3.1.5.14.7 Attributes Field Handling

This protocol associates a field called "Attributes" with a group object and a user membership for a group. This field is a bit field that uses values from the space specified in section 2.2.1.10.

For a group object, this field can be set via SamrSetInformationGroup and queried via SamrQueryInformationGroup and the SamrQueryDisplayInformation family of methods.

For a user membership, this field can be set via SamrAddMemberToGroup and SamrSetMemberAttributesOfGroup and queried via SamrGetGroupsForUser and SamrGetMembersInGroup.

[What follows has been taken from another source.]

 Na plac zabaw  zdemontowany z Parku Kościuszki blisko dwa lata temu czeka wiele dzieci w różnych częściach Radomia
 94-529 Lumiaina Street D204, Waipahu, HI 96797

This section specifies the message processing for this field for the aforementioned methods.

On a DC configuration:

• On query, the returned value MUST be a logical union of the following bits: SE_GROUP_MANDATORY, SE_GROUP_ENABLED_BY_DEFAULT, and SE_GROUP_ENABLED.

• On set, this field is ignored. The client SHOULD<80> set the value to the logical union of the following bits: SE_GROUP_MANDATORY, SE_GROUP_ENABLED_BY_DEFAULT, and SE_GROUP_ENABLED.

On a non-DC configuration:

• Any value set via SamrSetInformationGroup MUST be returned via a subsequent call to SamrQueryInformationGroup or the SamrQueryDisplayInformation family of methods at any time in the future (not just within the current session). If no such SamrSetInformationGroup call has been made, a default value of zero MUST be returned.

• Any value set via SamrAddMemberToGroup or SamrSetMemberAttributesOfGroup MUST be returned via a subsequent call to SamrGetGroupsForUser or SamrGetMembersInGroup at any time in the future (not just within the current session). If no such call to SamrAddMemberToGroup or SamrSetMemberAttributesOfGroup has been made, a default value of zero MUST be returned.